Easy and tastes good, thanks for the recipe! I modified slightly using liquid aminos instead of soy and arrowroot instead of cornstarch. I also added peas and carrots for added nutritional value. Yum!
was very bland I didn't enjoy at all.
I made this recipe in my high school Foods class and it was so simple! It also turned out very well and looked exactly like it was supposed to. We didn't use the yellow food coloring and our still looked great! We did use the two teaspoons of water and it worked! Very good recipe :)
Excellent. Thank you! Just be sure to make enough for all your guests. We doubled it for two of us and just wished we had more.... Very good, will make again.
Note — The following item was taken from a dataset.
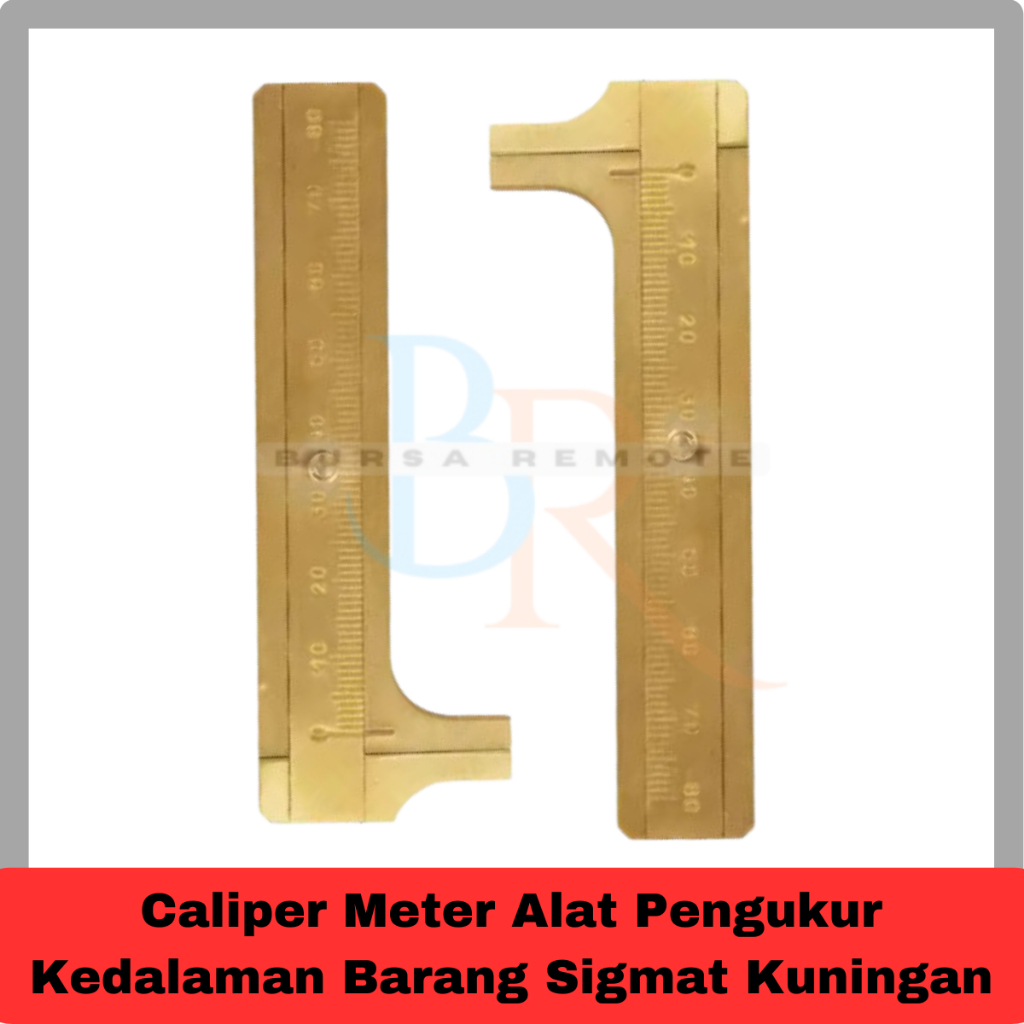

Caliper Meter Alat Pengukur Kedalaman Barang Sigmat Kuningan
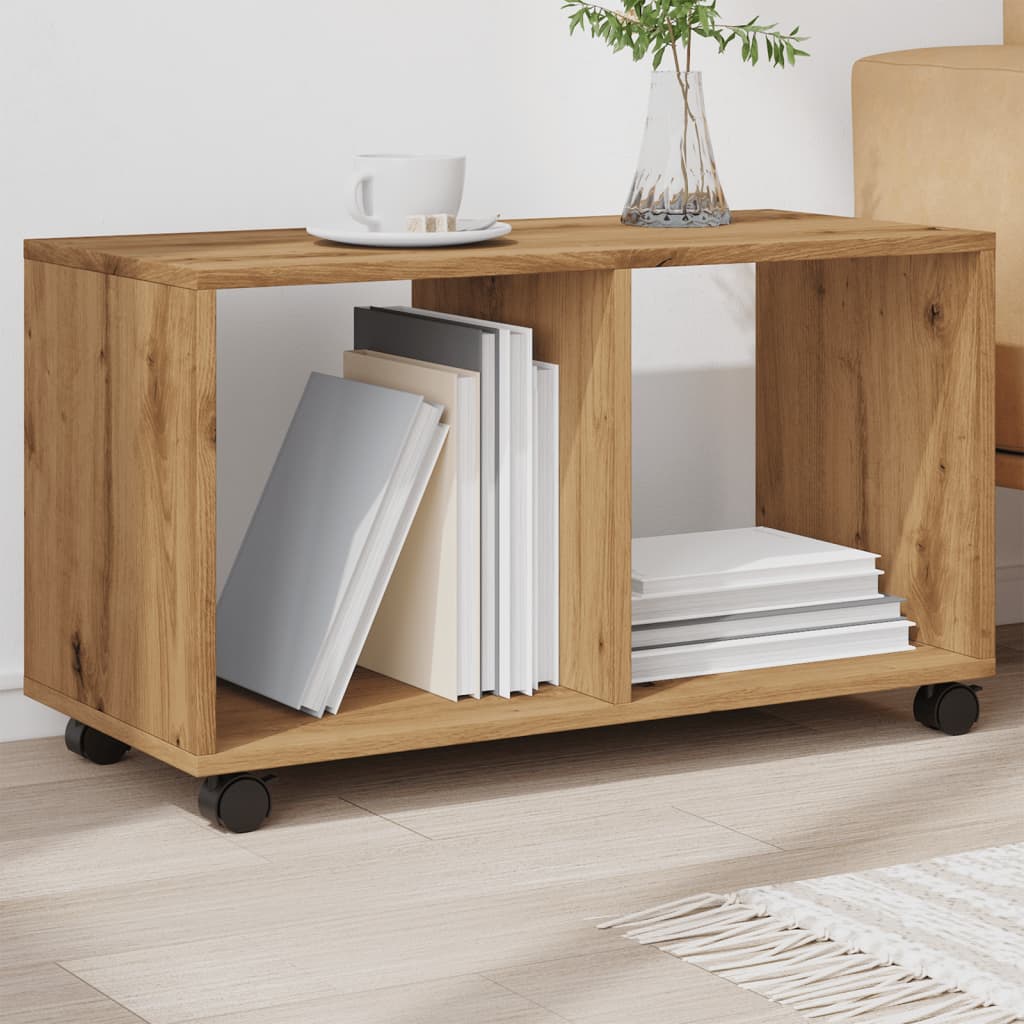 Rollschrank Für Wohnzimmer, Rollschrank Für Eckzeitschriftenbücher, 72x33x42,5 Cm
Positively yummy. So easy to make with such a delicious result. Had it for lunch with rice crackers. Thanks for posting.
This is the best soup recipe ever! my dad usually has something to say, such as, 'needs salt'. but he simply enjoyed this one. i totally loved it.
Fantastic recipe! Thank you! I didn't use cornstarch and I used the chicken broth cubes and it still came out great.
This was great I added fried egg noodles for a crunch... Par boil the egg noodle then fry in oil. Thanks for a great recipe. :)
I never post reviews, But i LOVED this recipe! It came out so good, definitely the best egg drop soup I’ve ever had.
I have had to make this twice in the last two days. My family really liked it. I did add a little more soy and sesame oil and used black pepper. The first time I x3 the recipe this time I x5. PERFECT! I always have all the ingrdients on hand which makes it nice.
I was trying to be healthier by not adding the optional salt, but it was a little too bland. I also used vegetable broth instead of chicken.
It tasted really good until I added white pepper. It really just ruined the soup. :(
it was fast and easy, but not great tast :(
My family did not care for this recipe.
This wasn't necessarily BETTER than restaurant quality, but it came really, insanely close. A lot of reviews don't make the recipe as it states, I did, and it came out wonderful. Second time around, I changed the recipe not to include cornstarch and I used bouillon (chicken) instead of broth and it still came out just as good. 10/10 would recommend!
Way too salty, just not the right flavor at all. Maybe it was because I didn't make it right, but I made another version using a different recipie and it turned out AMAZING.
This is by far the best egg drop soup ever! I absolutely love it. You can't go wrong with this recipe!
Great, easy, try less starch(half) for a thinner soup.
It was good i've had better before but this one has a nice flavor.